The driver uses a certain quota of memory (currently 128 MB for NVidia drivers) for constant buffer renaming. The accumulated memory size of all rename operations can grow so much that this causes the graphics driver to run out of renaming space. If this happens, the driver temporarily throttles the game until it has recovered. This throttling event should be avoided and should not happen often during a frame.

Constant Buffers without Constant Pain

Figure 1 – Renaming a sequence of constant buffer updates

Example: 4096 bytes of constant buffer data (2048 for each, the pixel stage and the vertex stage) being updated for 10000 draw calls per frame, gets renamed to ~156MB (assuming 4 frames are in flight – e.g. for an SLI configuration). So clearly this exceeds the above mentioned limit of 128MB, causing the driver to throttle down.

Why Can Updating Constant Buffers be so painfully slow?

Let’s talk about the cost in CPU cycles on a contemporary CPU (3.3GHz Intel ™ Core-i7™) for various constant buffer operations – see Table 1 or Figure 2 which offers a different view of the same data.

Please note that the absolute numbers quoted here are not that important, but rather the relative cost that matters.

Operation Approximate number of CPU cycles Comments
DrawIndexed() 36
XXSetConstantBuffers() 114 Keep this in mind when using the same constant buffer across several shader stages.
Map(DISCARD)+Unmap() 256 x (number of shader stages that have the constant buffer bound) Keep this in mind when using the same constant buffer across several shader stages
UpdateSubresource() 214 x (number of shader stages that have the constant buffer bound) This number does not account for the cost of copying the actual data
cache miss when using a constant buffer 100-200 This is the cost you pay when a constant buffer is used for the first time or when it isn’t in the cache anymore

Table 1 – CPU cycle cost of constant buffer operations


Constant Buffers without Constant Pain

Figure 2 – CPU cycle cost of constant buffer operations

Directed tests (such as perfX2/overhead11/TDrawIndexed) measure the DrawIndexed() throughput in millions of DrawIndexed calls per second:

Result 1: One can issue ~90 million DrawIndexed() calls per second, if no constant buffer updates are made in between calls.

Result 2: If one updates just one constant buffer (e.g. using UpdateSubresource() ) in between draw calls, the issue rate suddenly drops to ~11 million DrawIndexed() calls per second.

In other words: Changing a single constant buffer in between draw calls reduces the number of draw calls you can issue per frame by almost an order of a magnitude.

When a constant buffer gets updated it is advisable to first create a CPU side version of the buffer that sits in system memory. How to place the CPU side version most efficiently in memory will be described now.
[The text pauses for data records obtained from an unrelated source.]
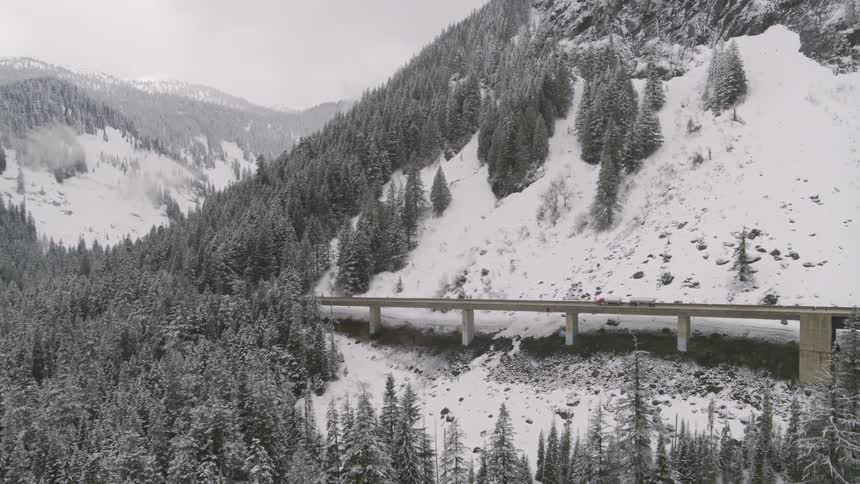 A double tanker semitrailer drives across a bridge through snow covered mountains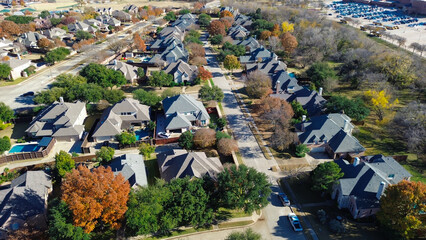 Coppell homes arranged along parallel streets with pools, fences, and fall trees; upper corner shows a full parking lot beside leafless woods, blending residential and natural zones, Texas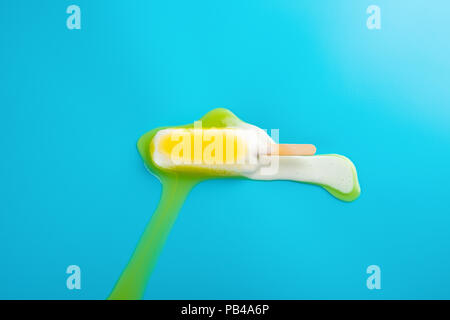 yellow popsicle in a melting process on blue background Stock Photo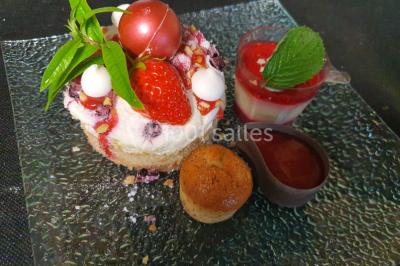 Table élégamment dressée avec nappes blanches, chaises assorties, chandeliers, fleurs roses et couverts dorés.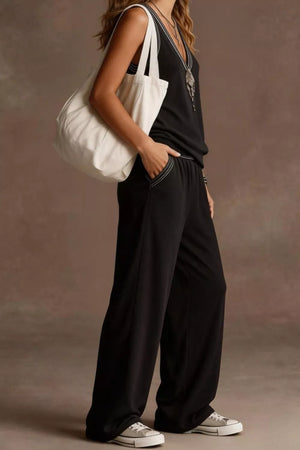 Black V-neck tank and wide-leg pants set with white contrast stitching and elastic waist.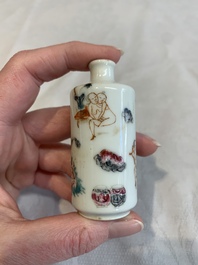 Two Chinese famille rose 'erotic' snuff bottles and a leaf-shaped saucer, 19th C.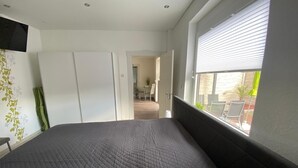Ein Schlafzimmer mit Bett, Kleiderschrank, Fenster mit Jalousien und Blick nach draußen.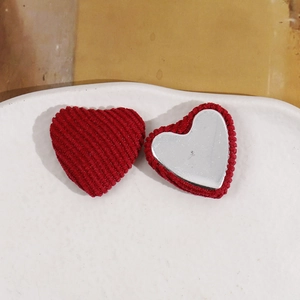 Detailed view of red plush heart DIY charms showing corduroy texture and flat metal back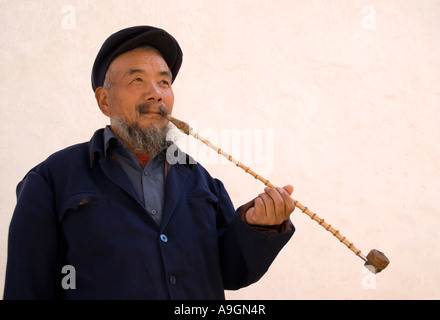 Elderly man with bamboo pipe in Baisha Village near Lijiang, Yunnan province, China Stock Photo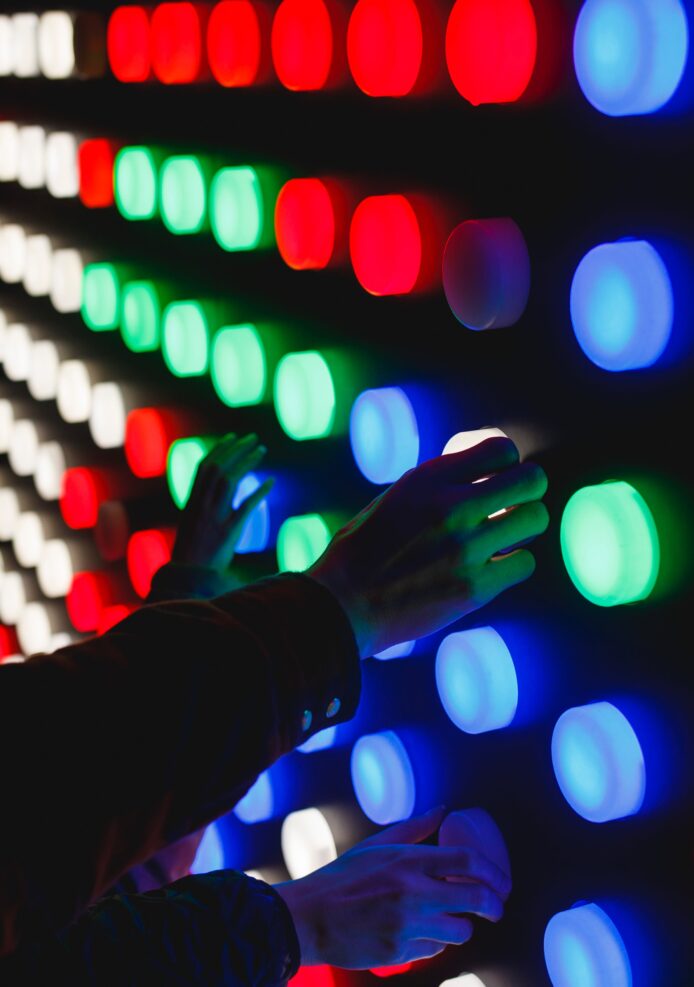 Hands selecting colored lights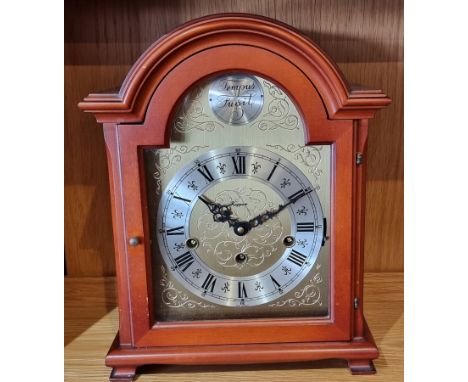 A modern Rapport mahogany cased German bracket clock, the gilt brass dial with Roman numerals bearing Tempus Fugit above, hou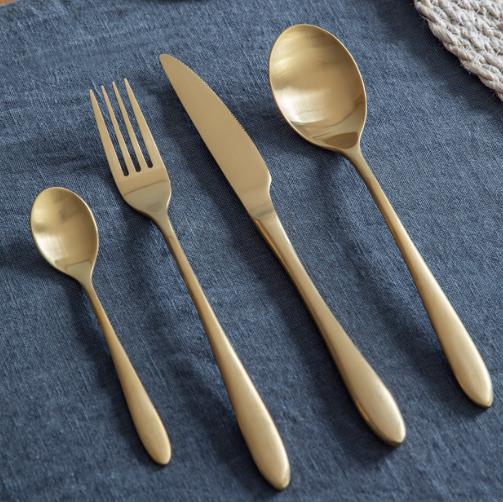 Brass cutlery set with fork, knife, spoon and teaspoon.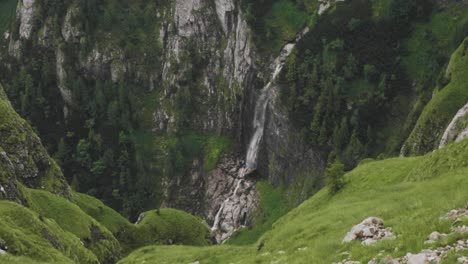 Slow-motion-static-shot-of-a-waterfall-pouring-into-a-mountain-valley-with-an-alpine-landscape
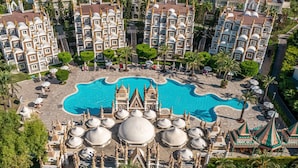 A large hotel complex with multiple buildings, a central swimming pool, and surrounding palm trees. - Kamelya Selin Hotel Luxury Resort & SPA (Manavgat)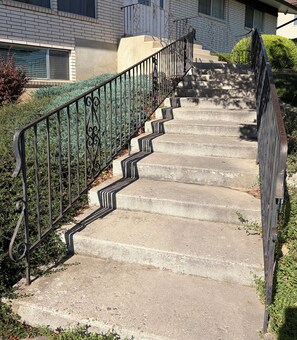 A concrete staircase with metal railings leading to a building entrance. - Grandma's backyard oasis at Park Place (Orem)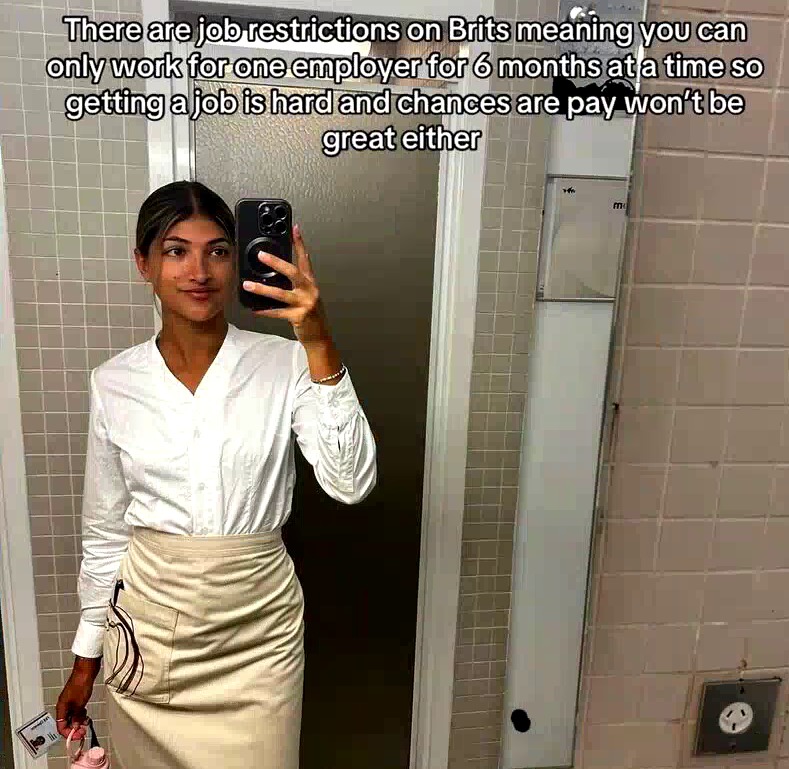 A young woman taking a mirror selfie with text discussing job restrictions for Brits.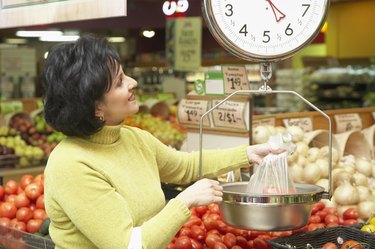 Mid adult woman weighing vegetables in a supermarket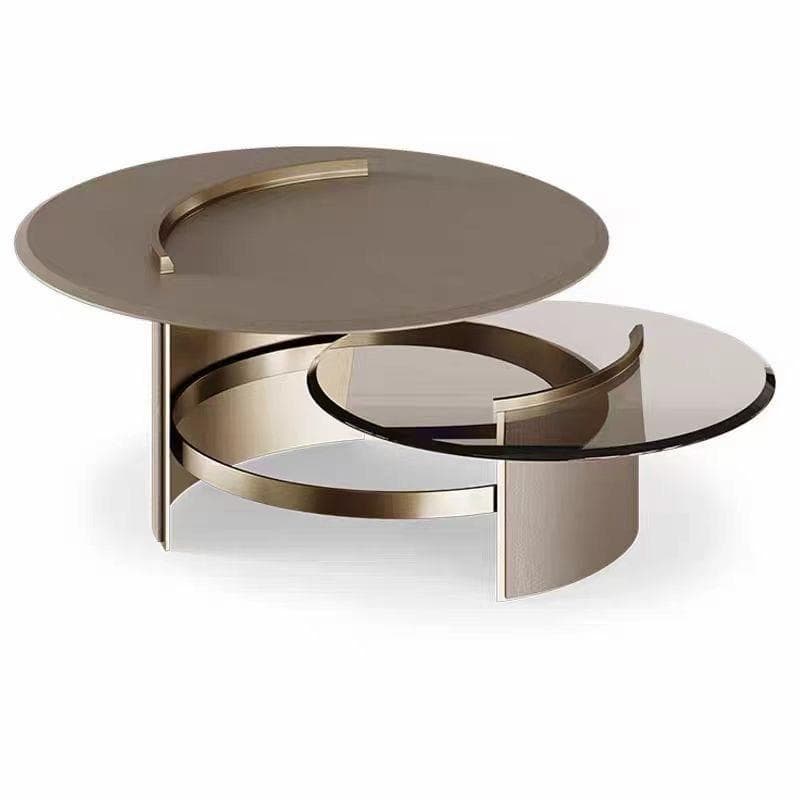 A sophisticated modern two-tiered round coffee table featuring a larger upper tier with an opaque brown glass top and a smaller, lower tier with a clear or smoked glass top. The table is supported by a sculptural base made from polished, curved metallic bands, likely brass or bronze, that provide both stability and a distinctive aesthetic. A decorative, crescent-shaped metal accent is visible on both glass surfaces. — 3D model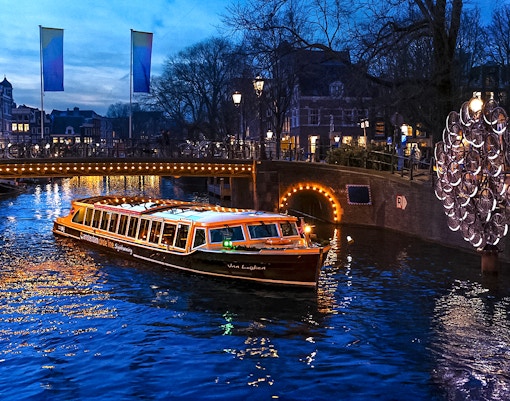 Traditional canal boat cruising during Amsterdam Light Festival.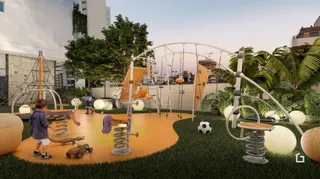 Área externa com playground e vegetação em Lajeado.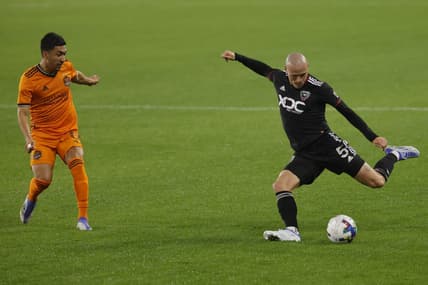 May 7, 2022; Washington, District of Columbia, USA; D.C. United defender Brad Smith (5) crosses the ball as Houston Dynamo midfielder Memo Rodr guez (8) defends in the second half at Audi Field. Mandatory Credit: Geoff Burke-USA TODAY Sports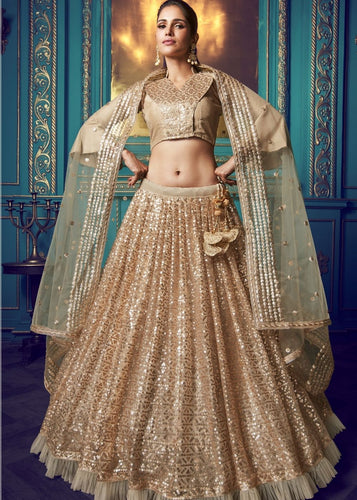 Golden Designer Soft Net Lehenga Choli with Ruffles and Sequin work Clothsvilla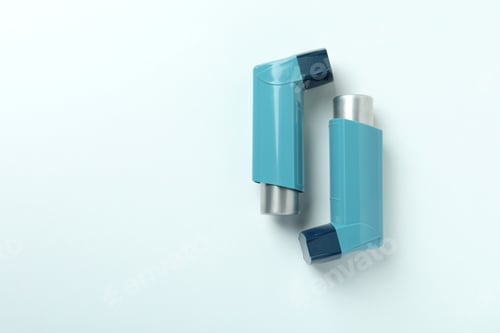 Preview: Blue asthma inhalers on white background, top view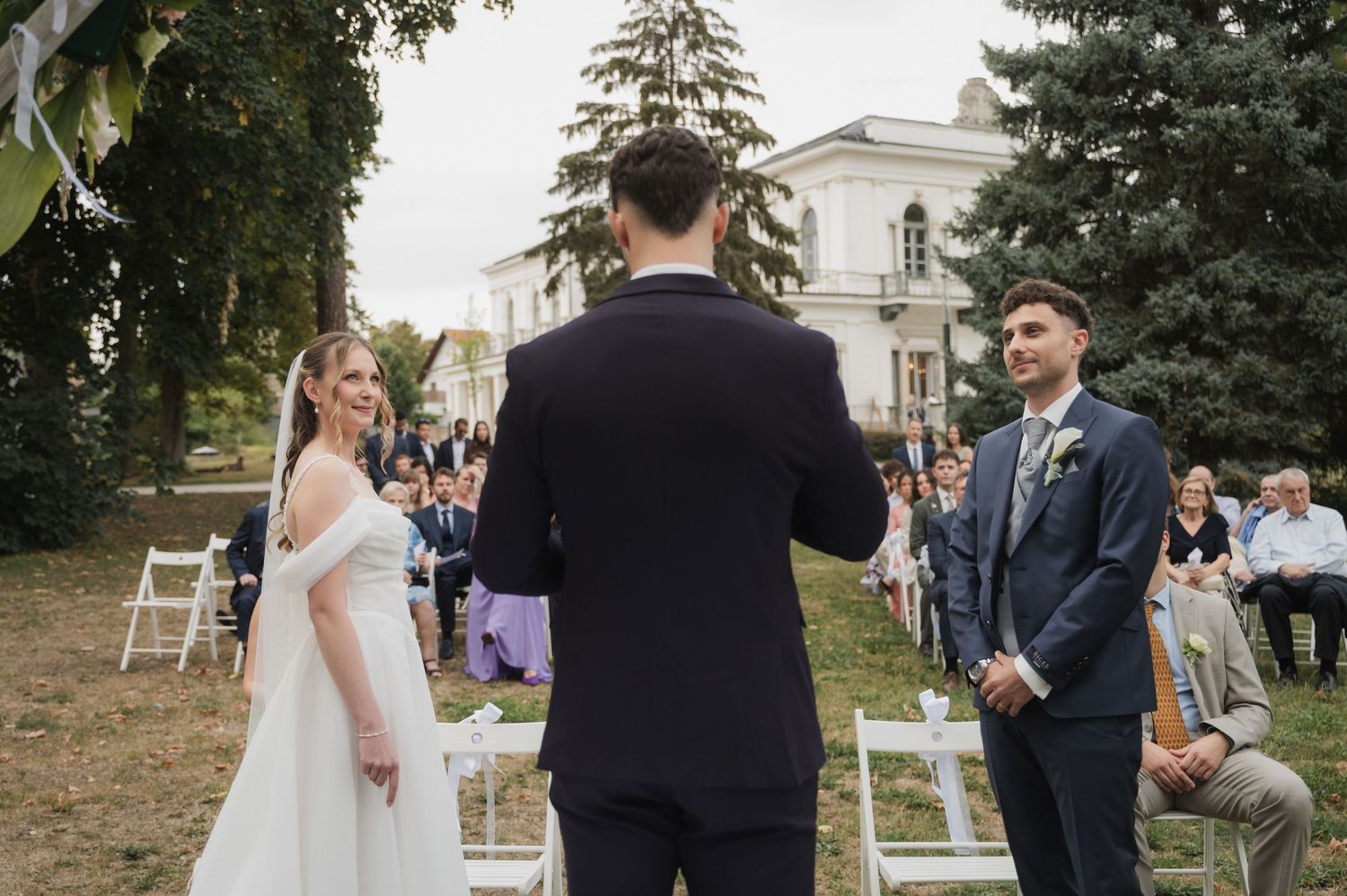 Outdoor wedding ceremony with bride in white gown exchanging vows before officiant and guests.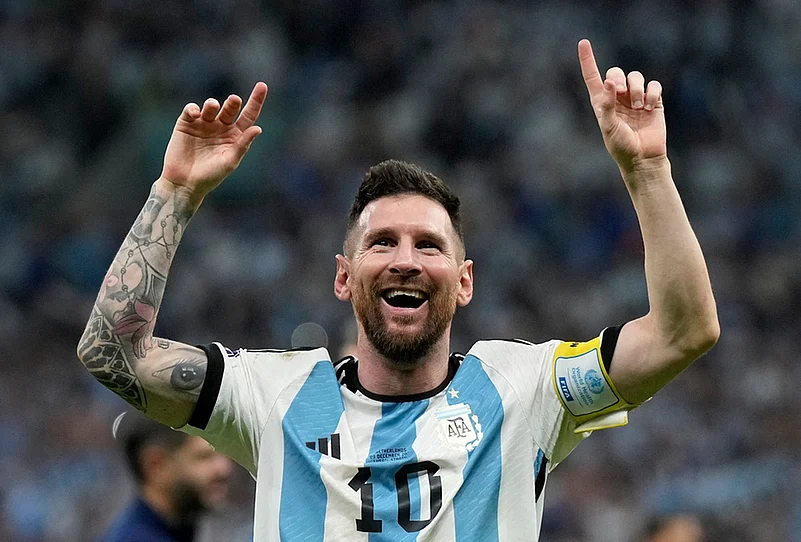 Argentinas Lionel Messi celebrates at the end of the World Cup quarterfinal soccer match against the Netherlands in Lusail, Qatar, Dec. 10, 2022.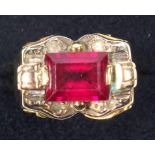 YELLOW METAL RING SET RECTANGULAR CUT RED STONE, 9 X 7 MM APPROX., GROSS 6.3 GRAMS.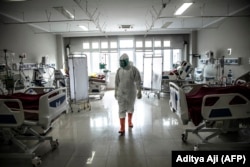 Seorang tenaga medis memeriksa pasien-pasien COVID-19 di unit perawatan intensif (ICU) di sebuah rumah sakit di Bogor, Jawa Barat di tengah lonjakan tingkat infeksi, 18 Juni 2021. (Foto: Aditya Aji/AFP)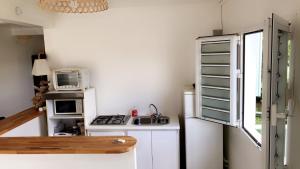 a small kitchen with a stove and a microwave at Appartement Topaze in La Trinité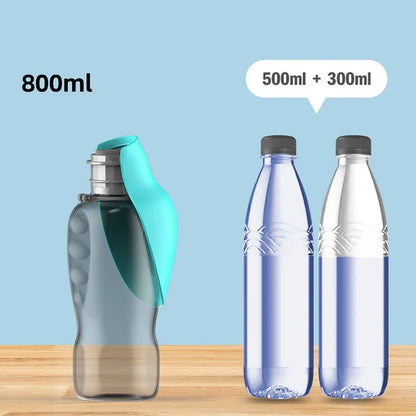 Blue grey portable dog water bottle with foldable drinking bowl and wrist strap, shown next to a dog.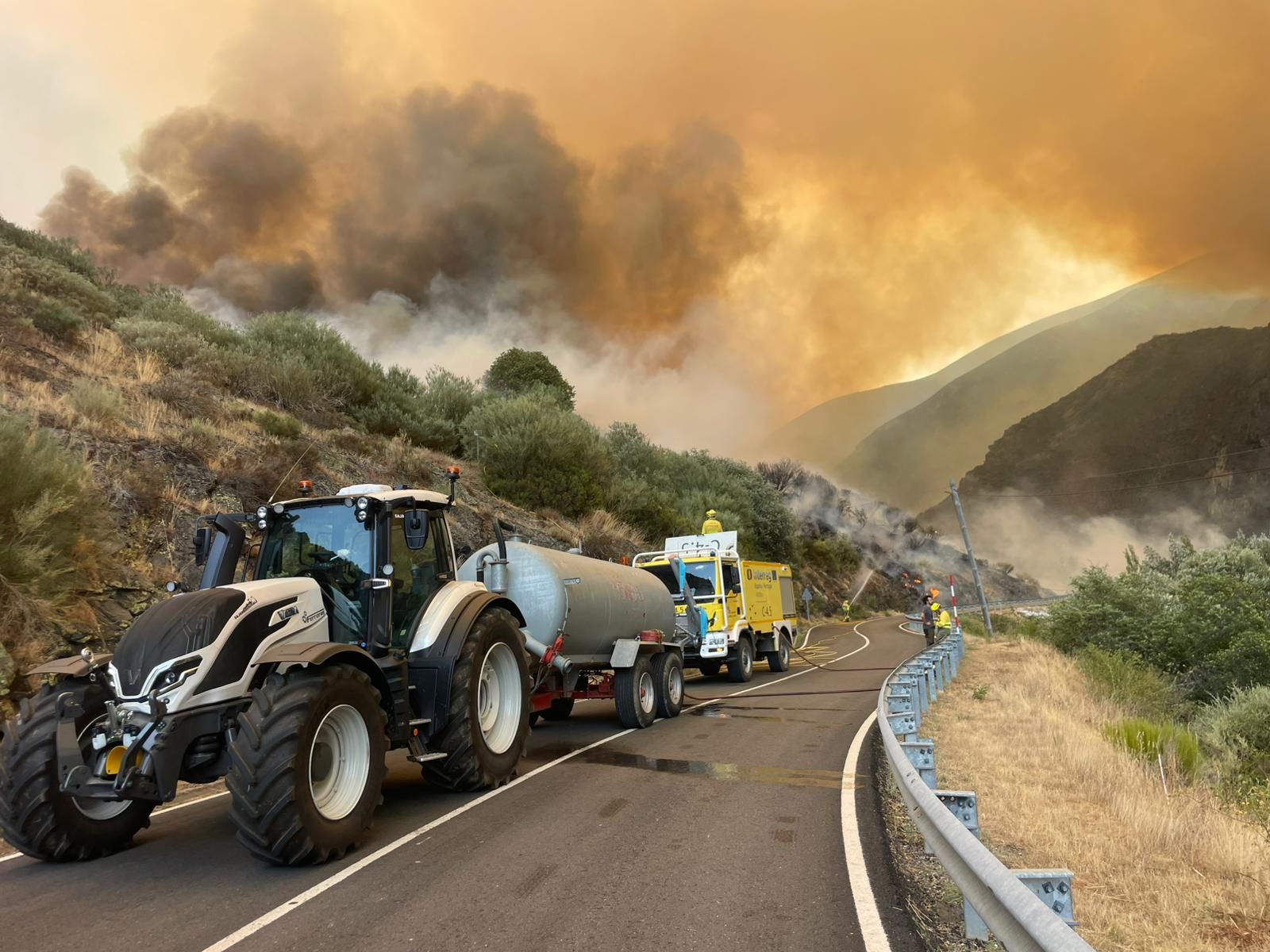 La cuba de un tractor llenando el depósito de una autobomba en el incendio de Boca de Huérgano.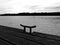 Monochrome perspective of wooden deck along a river shore with steel clit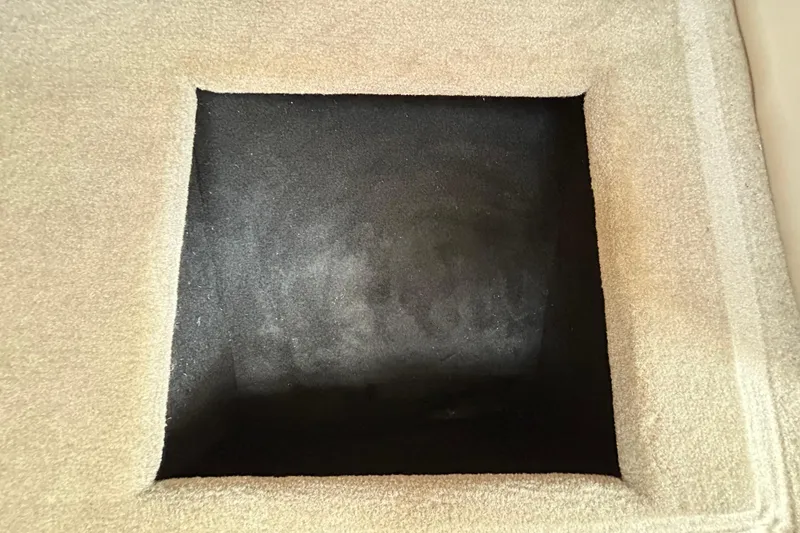 Slide: The Image of Carpeted storage compartment in a 2012 Crownline 236 SC boat. - 83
Allocating Memory for Constant Buffer Updates

The memory you use to build your CPU-side version of a constant buffer shouldn’t just be a local variable.

In order to make copying memory to constant buffers fast it makes sense to use _aligned_malloc() to allocate memory that is aligned to 16 byte boundaries, as this speeds up the necessary memcpy() operation from application memory to the memory returned by Map(). In a similar throw UpdateSubresource() will be able to perform the copy operation faster too.

So let’s now talk about how you should ideally be updating constant buffers in-between draw calls.

Do’s and Don’ts for updating constant buffers using DX10/DX11.0

  1. Try to update only one constant buffer in between draw calls. This constant buffer should only be bound to a single shader stage, if possible. Where this is not possible, only set and update the absolute minimum number of constant buffers necessary to do the job.

  2. Update constant buffers using one of these two methods:
    1. Map(MAP_WRITE_DISCARD) -> memcpy() the system memory data -> Unmap()
      Avoid reading from the mapped write combining memory block (checkout http://msdn.microsoft.com/en-us/library/windows/desktop/aa366786%28v=vs.85%29.aspx#PAGE_WRITECOMBINE ), as these reads are usually un-cached and can have an unexpectedly heavy performance impact if they happen more than a handful of times. Watch out for implicit reads that e.g. the ‘+=’ operator introduces when being used on C++ objects that are stored in the mapped memory block. Ensure that writes to constant buffers are sequential. One way to make sure this happens is to memcpy() a local version of the buffer to the mapped memory location as indicated above.
      Make sure to read: http://msdn.microsoft.com/en-us/library/windows/desktop/ff476457%28v=vs.85%29.aspx.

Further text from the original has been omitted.